Shlomo Perets shlomo2 at microtype.com
Tue May 16 22:41:18 PDT 2006


Mike,

You wrote:

>I've got some text that I need to cross-reference in a TOC, but I don't want
>it to print in the document where it resides. I've been hiding it in the
>margin, with font color white. Of course, there I times that I do want to
>view the text for editing, and I have to change the color of the text to
>something visible for those times I need to read it.
>
>But I just noticed that you can define a color and set its definition  to
>"Print As: Don't Print." It sounds perfect! I could assign a color to this
>text that I could see, but it wouldn't show up in PDFs-- or so I thought. I
>created a color called "NoPrint" and assigned it as follows:
>
>Color Definition: NoPrint
>    Print As: Don't Print
>    Model: CMYK
>    C: 0
>    M: 60
>    Y: 80
>    K: 0
>    Overprint: Knock Out
>
>Despite being set to "Don't Print," when I print to PDF, the text shows up
>in PDFs and prints from the PDF, too. Aargh! How can I make non-printing
>text NOT print? Anyone else have this problem?

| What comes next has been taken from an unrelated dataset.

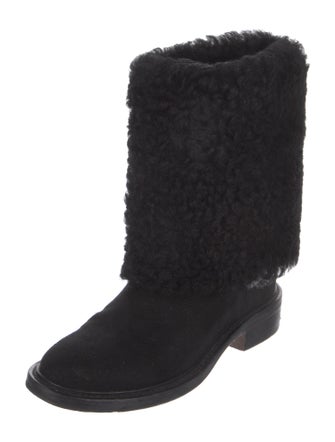 Chanel Interlocking CC Logo Suede Combat Boots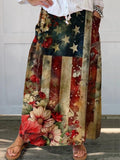 Women's Vintage Flag Floral Art Print Linen Pocket Skirt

The "Don't Print" setting in a color definition specifically relates
to printing color separations from FrameMaker. Colors defined as
"Don't Print" do not appear on any printed plate when printing
to color plates, but will print otherwise.

You can suppress specific colors from being displayed and printed
can be done through "Color Views", but this will requires toggling
from one view to another to show/hide the specific colors
(eg view #6 shows all colors, view #1 hides the 'NoPrint' color).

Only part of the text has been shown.